On another occasion, with the team in San Francisco for a game, Emlen invited Jerry and a few other teammates to go see Ella Fitzgerald perform.

“He gets us into Ella Fitzgerald, front row seats and drinks, and she comes over to say hi,” Kramer said. “I’m just a country boy from Idaho and fairly easy to impress but everything Emlen did impressed me. He was really special. He knew everyone and everyone knew Emlen.”

But, first, he had to introduce himself.

The player who eventually earned a first team slot on the NFL’s 50th anniversary team, wasn’t even drafted. Instead, Tunnel “hitched a ride with a banana truck driver,” according to this biography, and just showed up outside the Giants’ facility.

“Never heard of you,” then coach Steve Owen said, according to this New York Times article. 

Tunnell ended up impressing the entire staff, including Coach Lombardi, who brought Tunnell with him when he came to Green Bay and used him as a player/coach/scout for the next three years.

Kramer recalled a specific play that let everyone who might have wondered if the 10-year veteran still had the chops for the game when he followed Coach Lombardi to Green Bay know where he stood.

“He’s a safety. He’s playing in the preseason and Stan Jones, a big offensive guard for the Chicago Bears, pulls out of the line and he’s kind of out in the open spaces by himself getting ready to turn the corner. Em gives him a forearm and knocks him colder than a cucumber. I mean, Wow! He knocked him cold. I don’t think I’d ever seen that before,” Kramer said.

“Em was a spectacular human being. A nice man. A really decent human being but you didn’t want to mess with him. He could bring it.”

Note: I was going to write about Emlen Tunnell being honored by the Coast Guard, but then I called Jerry Kramer and he got to talking and I realized Emlen’s impact on the NFL was a story all by itself. But, I encourage you to read about Emlen Tunnell, the genuine American war hero here.)
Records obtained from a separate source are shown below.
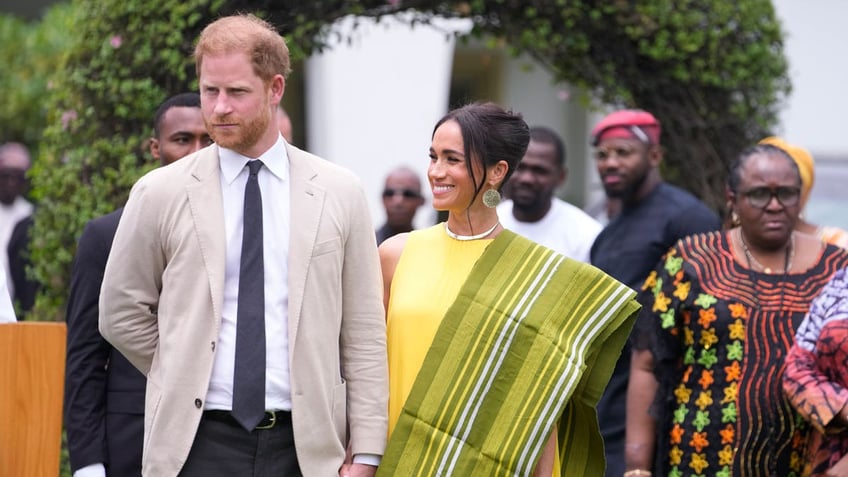 prince harry and meghan markle experience nigerian dancing fashion while visiting charities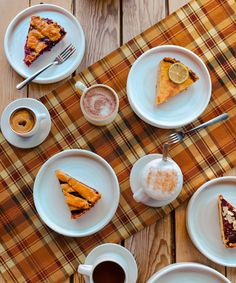 there are many different desserts on the table with cups and saucers next to each other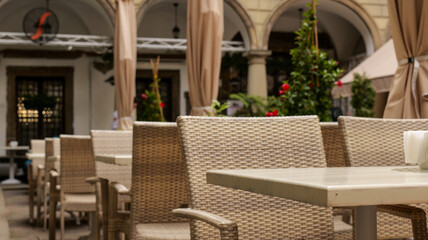 Fototapeta premium Outdoor cafe seating with wicker chairs and tables under arches
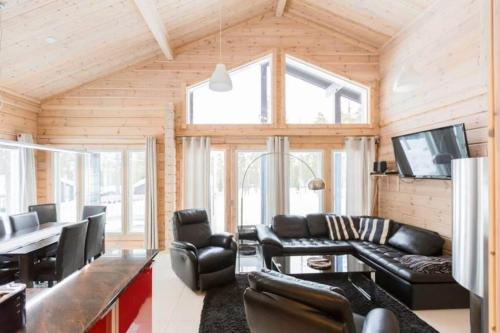 a living room with leather furniture and a flat screen tv at Villa Stella in Äkäslompolo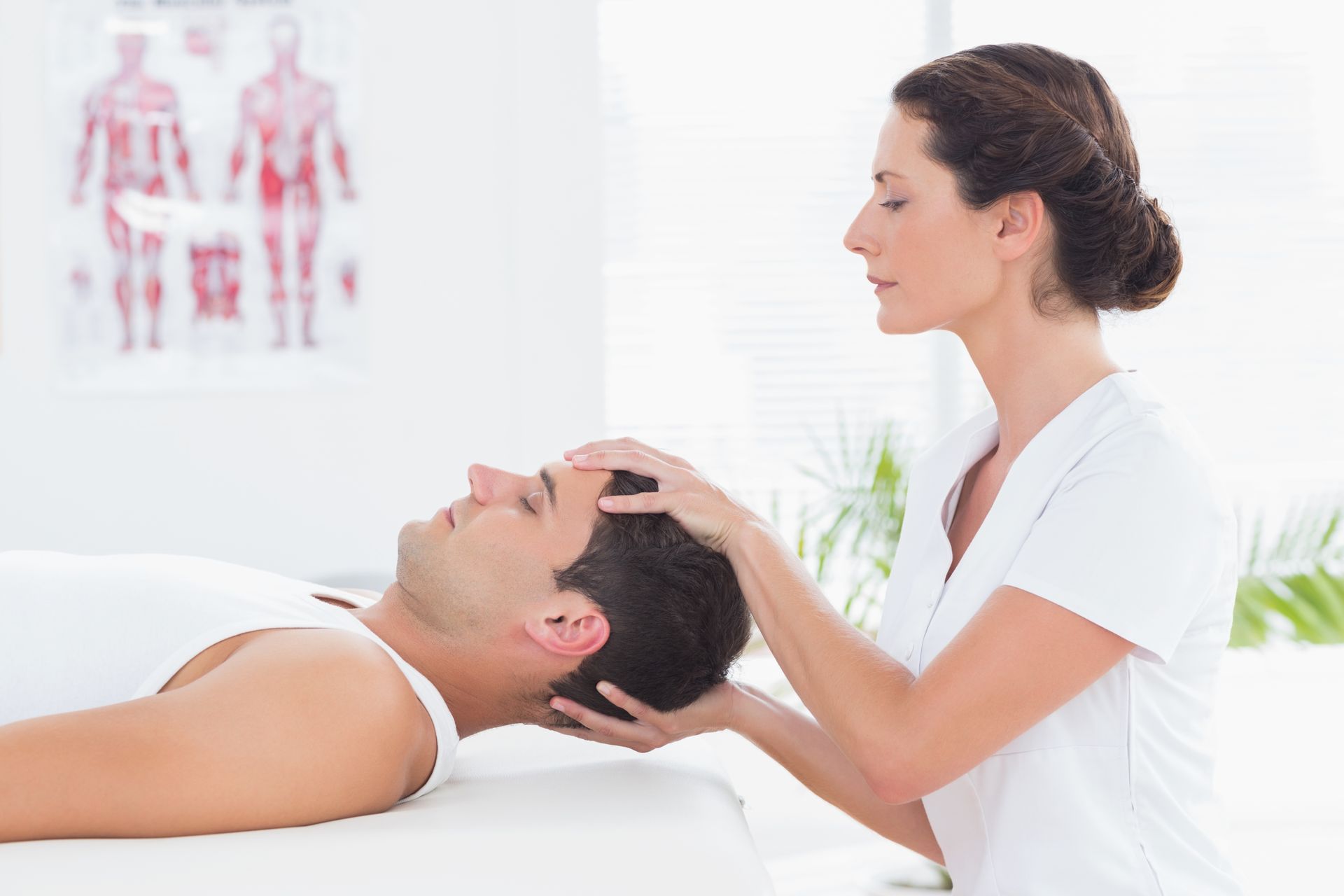 A woman is giving a man a head massage.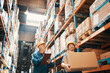 © Davor - Warehouse workers organizing boxes and inventory management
Emlen Tunnell came to Green Bay with Coach Lombardi in 1959 following a storied career with the Giants. He worked as a player/coach/scout for the Packers and then returned to the Giants, where he worked in various jobs on the coaching staff until he died, at age 50, from a heart attack. (I borrowed this picture from the Packers. You can find it and a great article by Clif Christl regarding race and the 1960’s Packers here.)
And I don’t need to tell you how much Jerry Kramer, pictured here in 2006 with Fuzzy Thurston, my mom and my daughter Katherine, means to our family and, frankly, to the whole Packer family. we’re very lucky to have such an eloquent story teller around to keep those Glory Years alive.